An illustrative explanation of how the QoI-aware encoder-decoder works is presented in the figure below:

_images/tutorial-qoi-aware-encoder-decoder.png

We import the necessary modules:

from PCAfold import preprocess
from PCAfold import reduction
from PCAfold import analysis
from PCAfold import utilities
import numpy as np

and we set some initial parameters:

save_filename = None

Upload a combustion data set#

A data set representing combustion of hydrogen in air generated from steady laminar flamelet model using Spitfire is used as a demo data set.

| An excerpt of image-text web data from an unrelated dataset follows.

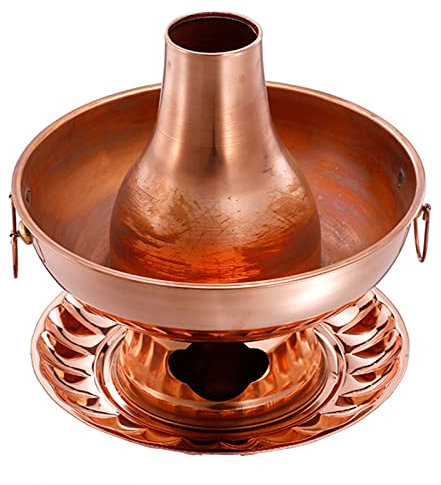 fondue， Traditioneller chinesischer Eintopf, Vintage-Shabu-Eintopf, Holzkohle-Shabu-Topf, Kupfer-Eintopf, chinesischer traditioneller Suppentopf, Kochgeschirr(28cm)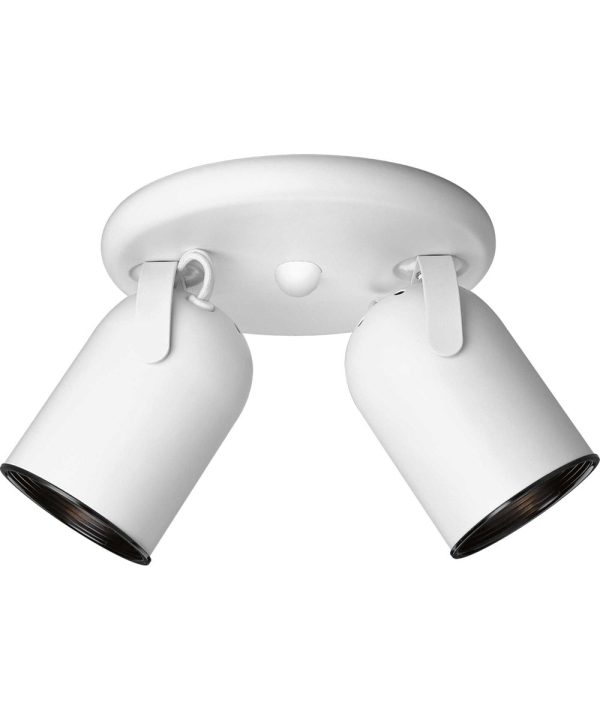 2-Light Multi Directional Roundback Wall Ceiling Fixture White Online now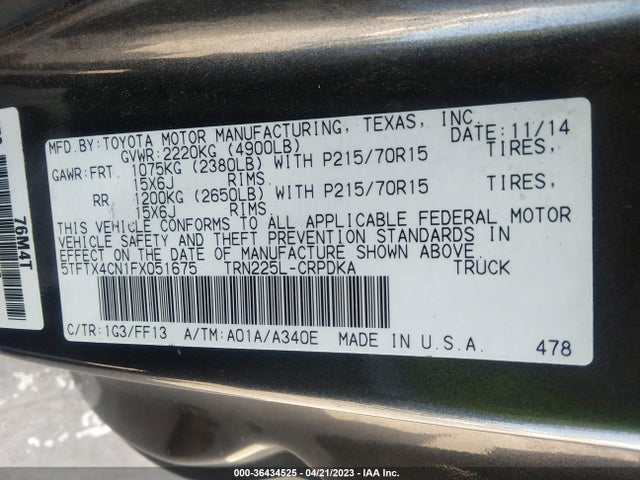 Toyota TACOMA 2015 5TFTX4CN1FX051675 Image 11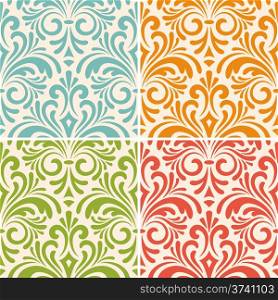 4 vector seamless floral vintage patterns on beige background, seamless patterns in swatch menu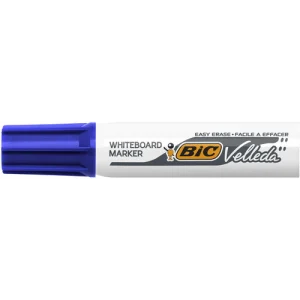 BIC Velleda 1781 Feutres pour Tableau Blanc Effaçables à Sec Pointe Biseautée Large - Bleu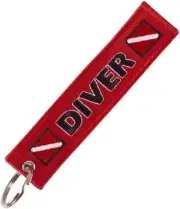 Diver Down Flag Dive Scuba Diving Red White Keychain Key Tag Chain Ring Fob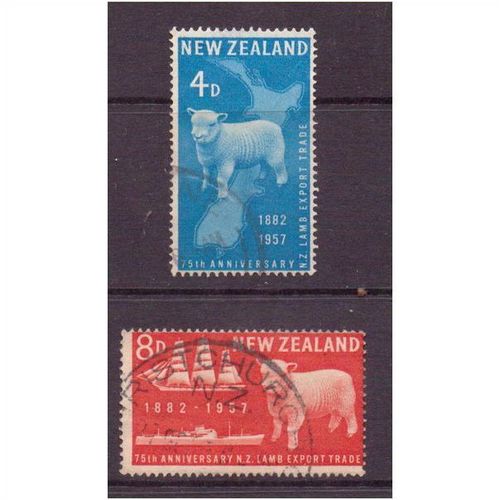 new zealand stamps used sg758 n.z. lamb set
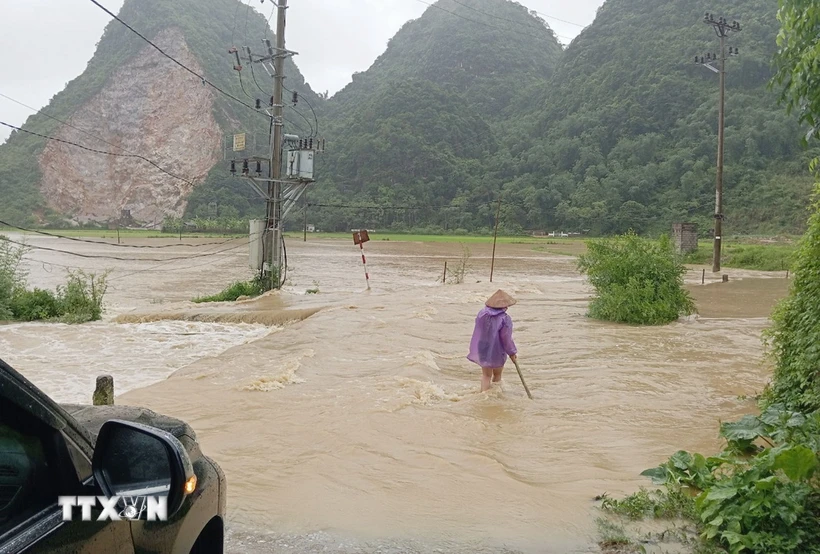 Mưa lớn gây ngập lụt tại huyện Bình Gia, tỉnh Lạng Sơn. (Ảnh: Anh Tuấn/TTXVN)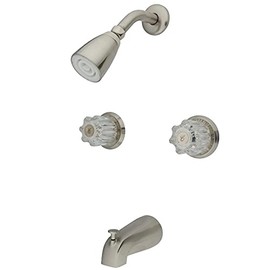 Kingston Brass KB148 Twin Acrylic Handle Tub and Shower Faucet, Brushed Nickel, 5-Inch Spout Reach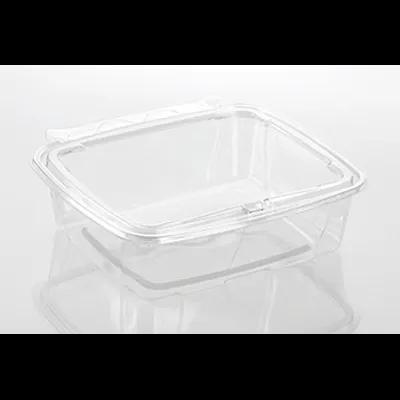 Fresh N' Sealed® Deli Container Hinged With Flat Lid 48 OZ PET Clear Rectangle 150/Case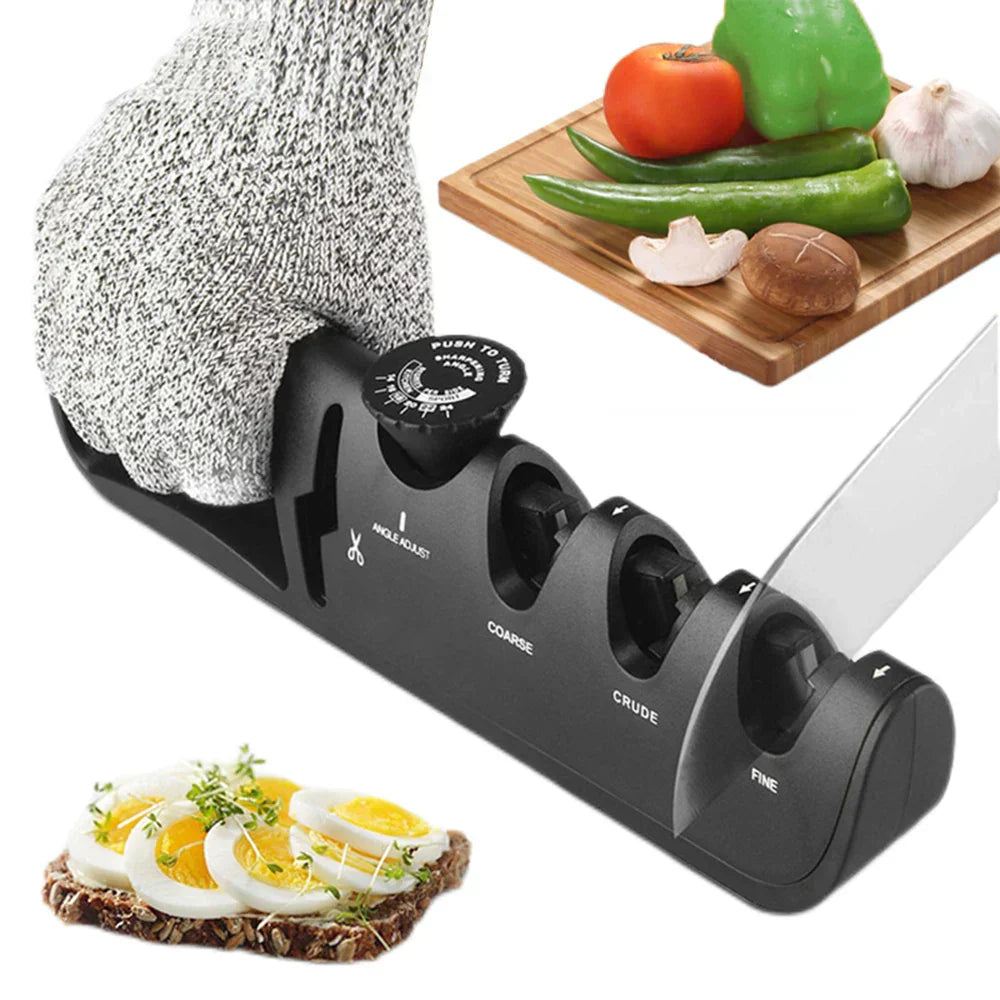 SharpEdge Pro Aiguiseur de Couteaux | Système à 3 Étapes | Angle Réglable 14°–24° | Pour Couteaux & Ciseaux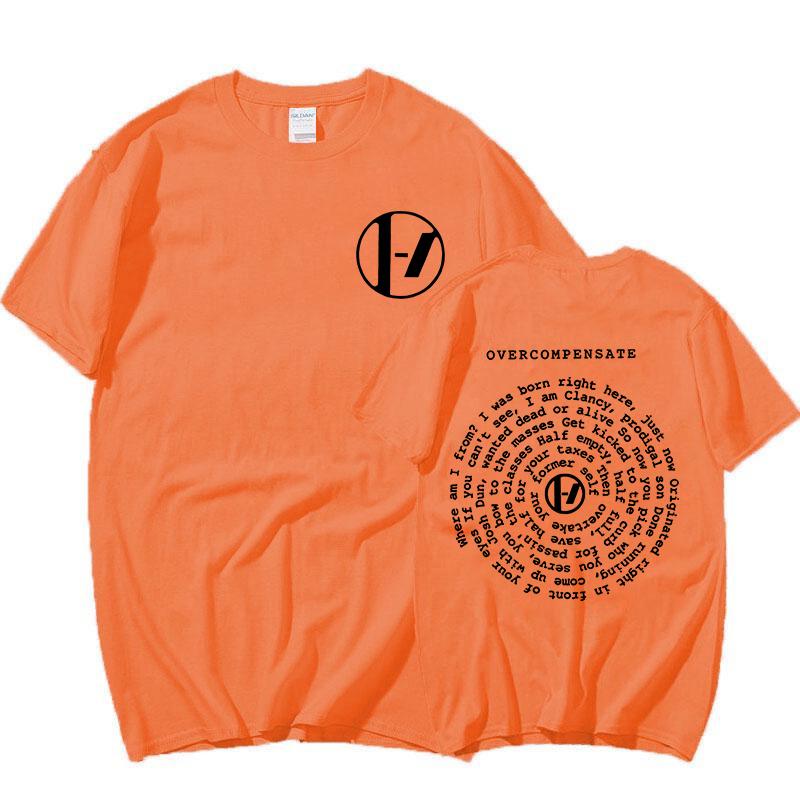 Футболка с принтом текста песни Twenty One Pilots Overcompensate The Clancy World Tour 2025 Футболки Мужская Женская Мода Рок Хип-Хоп Футболки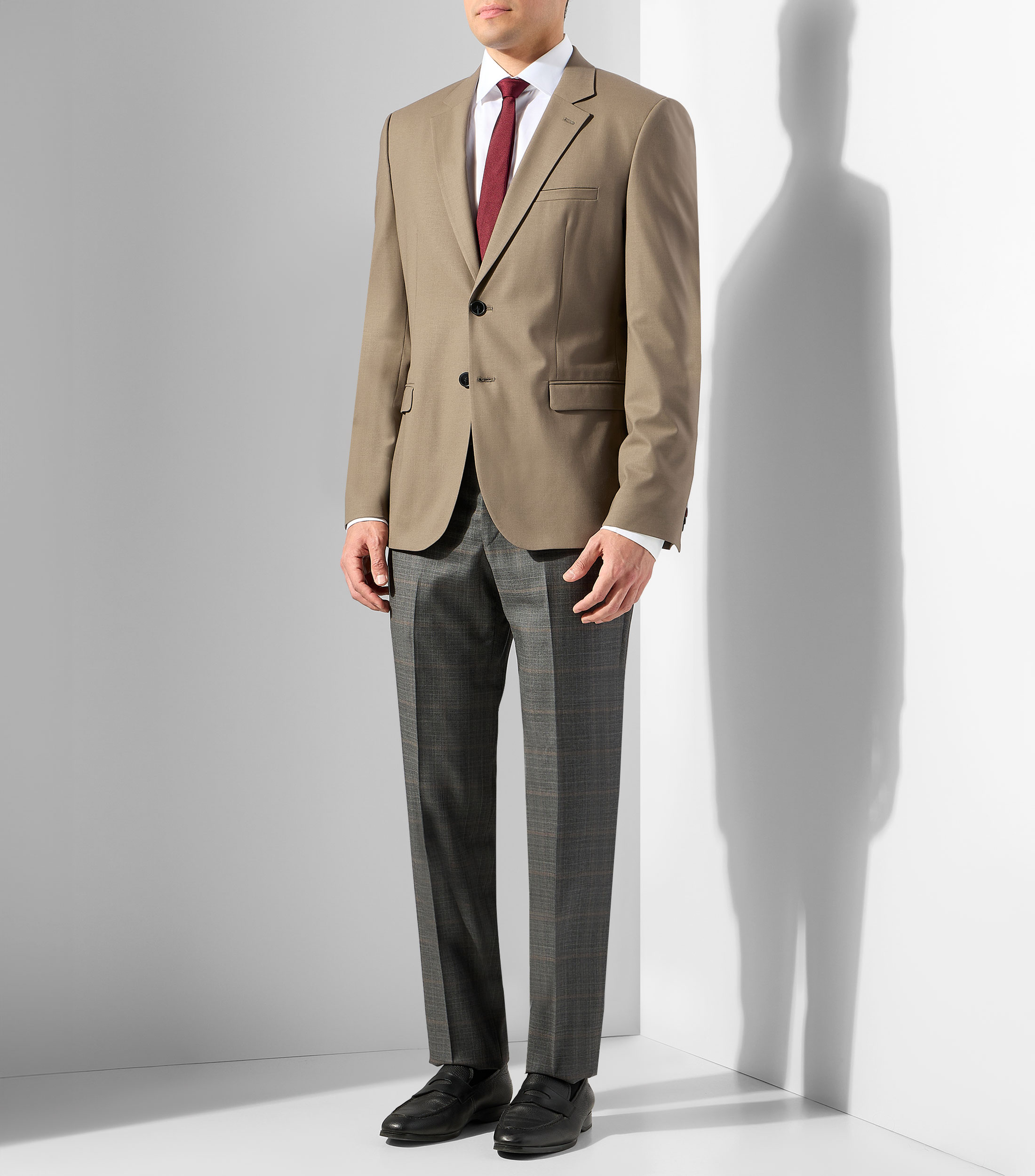Camisa de vestir sólida manga larga Hombre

We begin by importing the data set composed of the original state space variables, \(\mathbf{X}\), and the corresponding source terms, \(\mathbf{S_X}\):

X = np.genfromtxt('H2-air-state-space.csv', delimiter=',')[:,0:-2]
S_X = np.genfromtxt('H2-air-state-space-sources.csv', delimiter=',')[:,0:-2]
X_names = np.genfromtxt('H2-air-state-space-names.csv', delimiter='\n', dtype=str)[0:-2]

(n_observations, n_variables) = np.shape(X)

Train the QoI-aware encoder-decoder#

We are going to generate 2D projections of the state-space:

n_components = 2

First, we are going to scale the state-space variables to a \(\langle 0, 1 \rangle\) range. This is done to help the neural network training process.

We are also going to apply an adequate scaling to the source terms. This is done for consistency in reduced-order modeling (see: Handling source terms). The scaled source terms will serve as projection-dependent variables.

(input_data, centers, scales) = preprocess.center_scale(X, scaling='0to1')
projection_dependent_outputs = S_X / scales

We create a PCA-initialization of the encoder:

pca = reduction.PCA(X, n_components=n_components, scaling='auto')
encoder_weights_init = pca.A[:,0:n_components]

We visualize the initial projection:

X_projected = np.dot(input_data, encoder_weights_init)
S_X_projected = np.dot(projection_dependent_outputs, encoder_weights_init)
_images/tutorial-qoi-aware-encoder-decoder-initial-2D-projection.png

We select a couple of important state variables to be used as the projection-independent variables:

selected_state_variables = [0, 2, 4, 5, 6]

First, we fix the random seed for results reproducibility:

random_seed = 100

We set several important hyper-parameters:

activation_decoder = 'tanh'
decoder_interior_architecture = (6,9)
optimizer = 'Adam'
learning_rate = 0.001
loss = 'MSE'
batch_size = n_observations
validation_perc = 10

We are not going to hold initial weights constant, and we are going to allow the encoder to update weights at each epoch:

hold_initialization = None
hold_weights = None

We are going to train the model for 5000 epochs:

n_epochs = 5000

We instantiate an object of the QoIAwareProjection class with various parameters:

projection = utilities.QoIAwareProjection(input_data,
                                          n_components=2,
                                          projection_independent_outputs=input_data[:,selected_state_variables],
                                          projection_dependent_outputs=projection_dependent_outputs,
                                          activation_decoder=activation_decoder,
                                          decoder_interior_architecture=decoder_interior_architecture,
                                          encoder_weights_init=None,
                                          decoder_weights_init=None,
                                          hold_initialization=hold_initialization,
                                          hold_weights=hold_weights,
                                          transformed_projection_dependent_outputs='signed-square-root',
                                          loss=loss,
                                          optimizer=optimizer,
                                          batch_size=batch_size,
                                          n_epochs=n_epochs,
                                          learning_rate=learning_rate,
                                          validation_perc=validation_perc,
                                          random_seed=random_seed,
                                          verbose=True)

Before we begin neural network training, we can print the summary of the current Keras model:

projection.summary()
QoI-aware encoder-decoder model summary...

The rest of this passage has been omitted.